Brownsville, Texas, population 190,000, is a city on the U.S./Mexico border with a poverty rate almost double the national average. In 2020, Martinez, a Brownsville native, partnered with a local nonprofit to distribute food to families in need, and God used relationships formed during that time, along with gifts to the Annie Armstrong Easter Offering, to launch Ecclesia Community Church.
It should be no surprise, then, that a church born through acts of generosity ended up with generosity in its DNA. Ecclesia began with many new believers, and when James introduced the Annie Armstrong Easter Offering to them, he was overwhelmed by the church’s response. “We explained that we exist because of the generosity of other churches and individuals giving to Annie Armstrong,” James says. “And when the money started coming in, I thought, ‘Wow, this is crazy.’”

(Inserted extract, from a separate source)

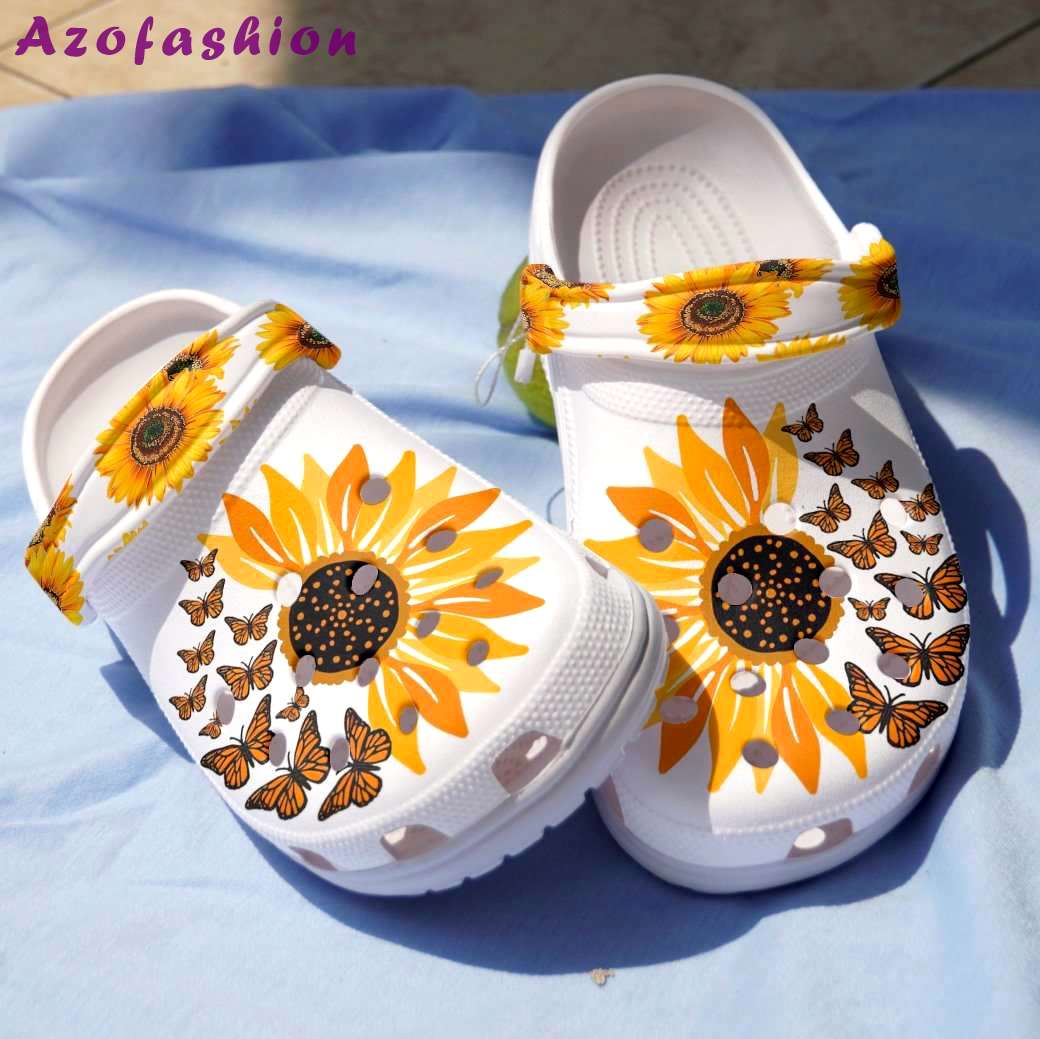Crocs outfit - love butterfly and sunflower lovers crocs crocband clog shoes - 1372 Crocs Outfit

Everyone became enthusiastic about giving back — from new believers in the congregation who committed to setting up a recurring gift, to the elderly single women, to the kids in the children’s ministry. Now, the church has committed to giving more to Annie Armstrong each month than they did over the entire previous year.
“God has been so generous to us,” James says. “And now we can be generous and sacrificial back to Him. I love that.”